Да, со времени Мирабо в мире, в человеческом обществе, в цивилизации определилась некая кульминационная точка, средоточие, фокус, вершина. И эта вершина была трибуна Франции. Прекрасный путеводный маяк для движущихся вперед поколений, сияющий купол для мирных времен, сигнальный огонь во мраке крушений. Со всех концов мыслящего мира люди устремляли свои взоры на эту вершину, где сиял человеческий разум. И когда внезапная ночь обволакивала все кругом, оттуда доносился могучий голос, который ободрял их во тьме. Admonet et magna testatur voce per umbras. [57] Голос, который раздавался внезапно, когда наступал его час, как крик петуха, возвещающий рассвет, как клекот орла, призывающий солнце, звучал словно горн в сражении, словно труба архангела в день страшного суда; он поднимал грозных мертвецов в развевающихся саванах; и они вставали из гробниц и хватались за мечи, эти мертвые героические нации — Польша, Венгрия, Италия! И тогда при звуке этого голоса открывался сверкающий небосвод будущего; дряхлые тирании, ослепленные, объятые ужасом, склоняли голову во мраке, и все видели, как, ступая по облакам, касаясь челом звезд, со сверкающим мечом в руке, широко раскрыв свои мощные крылья в лазури, шествовала Свобода, архангел народов!
V Могущество слова
Эта трибуна была грозой всякой тирании и всякого фанатизма, надеждой всех угнетенных на земле. Всякий, кто ступал на эту вершину, слышал явственно, как бьется великое сердце человечества. И если это был человек доброй воли, душа его вырастала, становилась великой и излучала свет; он чувствовал, как нечто всеобъемлющее овладевало им и преисполняло дух его, словно ветер, наполняющий паруса. Стоило ему ступить на этот помост из четырех досок — он становился сильнее и лучше; в эту священную минуту он чувствовал, что живет одной жизнью с народами мира, и у него сами собой рождались слова, доступные всем и каждому. Далеко за пределами Собрания, сидевшего у подножия трибуны и нередко объятого смятением, он видел сосредоточенный, притихший народ, слушавший его, затаив дыхание, а там, дальше, усевшись в круг, ему задумчиво внимало человечество. Такова была эта великая трибуна, с высоты которой человек говорил со всем миром.
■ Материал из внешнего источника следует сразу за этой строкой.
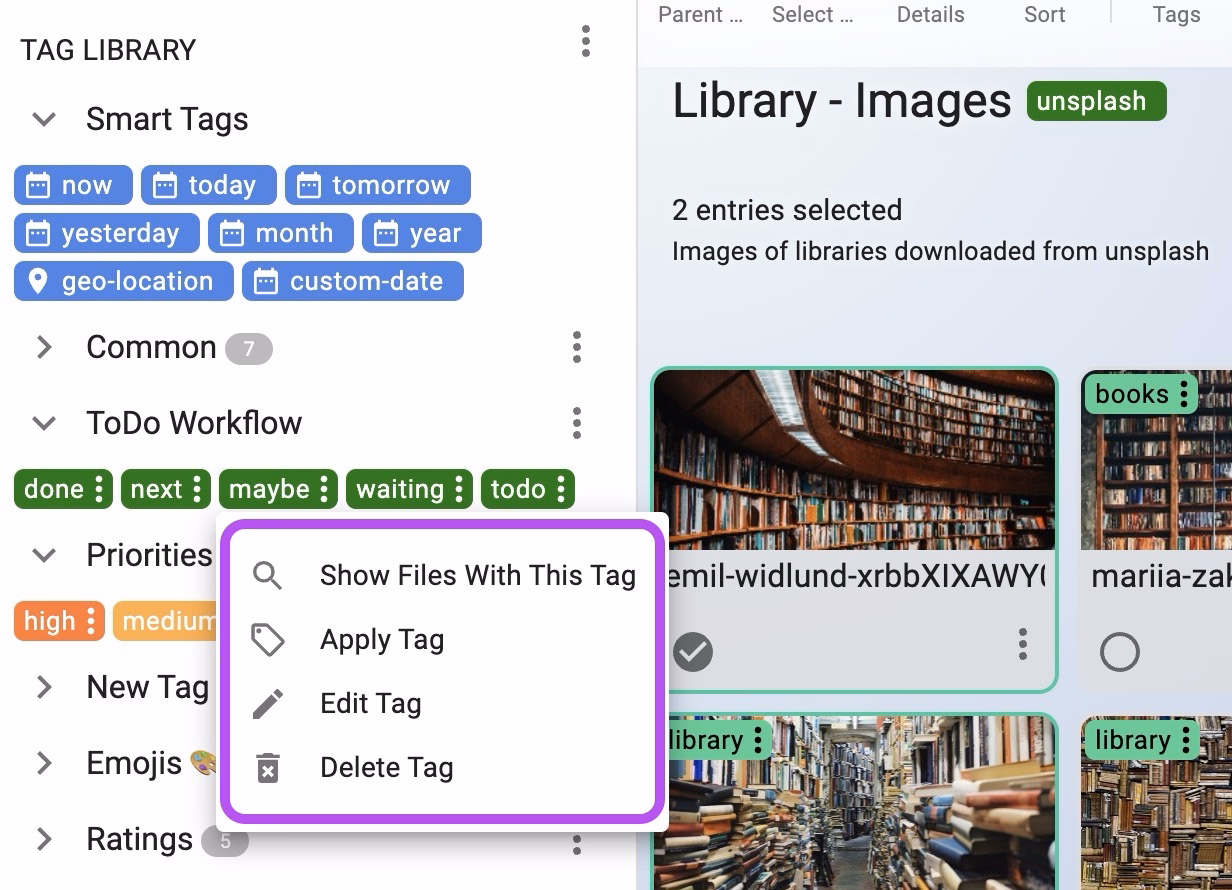 Tag menu in the tag library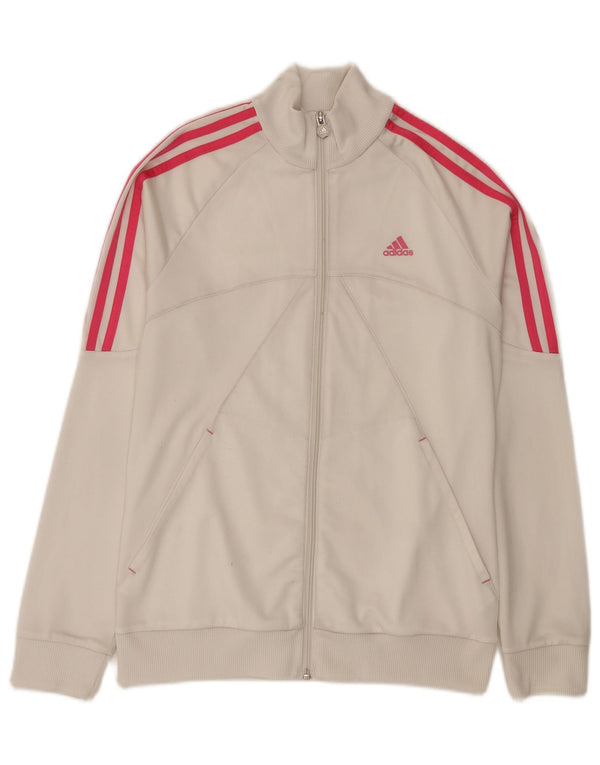 Adidas Girls Graphic Tracksuit Top Jacket 14-15 Years White Polyester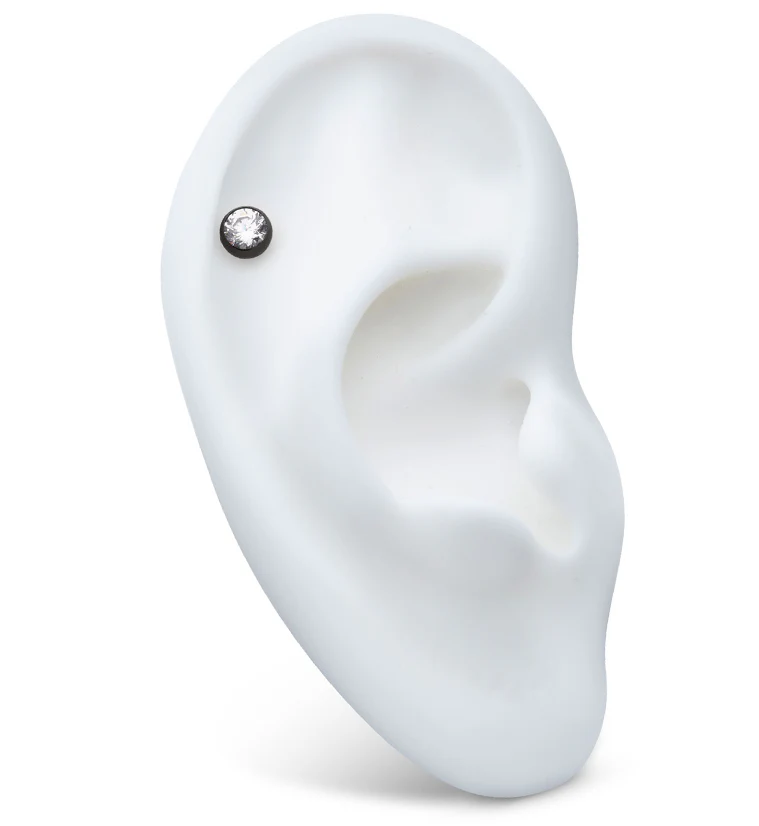 Black PVD Bezel Clear CZ Internally Threaded Titanium Top - Mrs Treak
С этой трибуны, всегда пребывавшей в состоянии вибрации, постоянно расходились как бы звуковые волны, мощные колебания чувств и идей; они потоками шли от народа к народу, достигая самых отдаленных пределов земли, всюду приводя в движение эти мыслящие частицы, которые называются душами. Нередко, неведомо почему, какой-нибудь закон, учреждение, обычай вдруг начинал пошатываться где-то далеко за пределами Франции, за морями; так пошатнулся папский престол по ту сторону Альп, царский трон дрогнул на другом конце материка, рабство — за океаном, в Америке, смертная казнь — всюду. Это содрогнулась трибуна Франции. Бывали моменты, когда содрогание этой трибуны вызывало землетрясение. Когда говорила трибуна Франции, все, что только способно мыслить у нас на земле, внимало в благоговейном молчании; каждое произнесенное слово, прорезая мрак и пространство, летело вдаль, неведомо куда. «Это все равно что ветер — шум и только!» — говорили бесплодные шутники, любители иронии, а на другой день, или спустя несколько месяцев, или через год что-то вдруг рушилось на поверхности земли или что-то пускало ростки! Кто сделал это? Шум, от которого не осталось следа, промчавшийся ветер. Этот шум, этот ветер был словом. Священная сила! Из слова бога возникло бытие; из слова человека возникнет содружество народов.
VI Что такое оратор
Человек, всходивший на эту трибуну, был уже не просто человек, он становился тем таинственным тружеником, который в вечерние сумерки широко ступает по борозде и властной рукой бросает в пространство семена, будущие всходы, жатву, изобилие грядущего лета, хлеб, жизнь.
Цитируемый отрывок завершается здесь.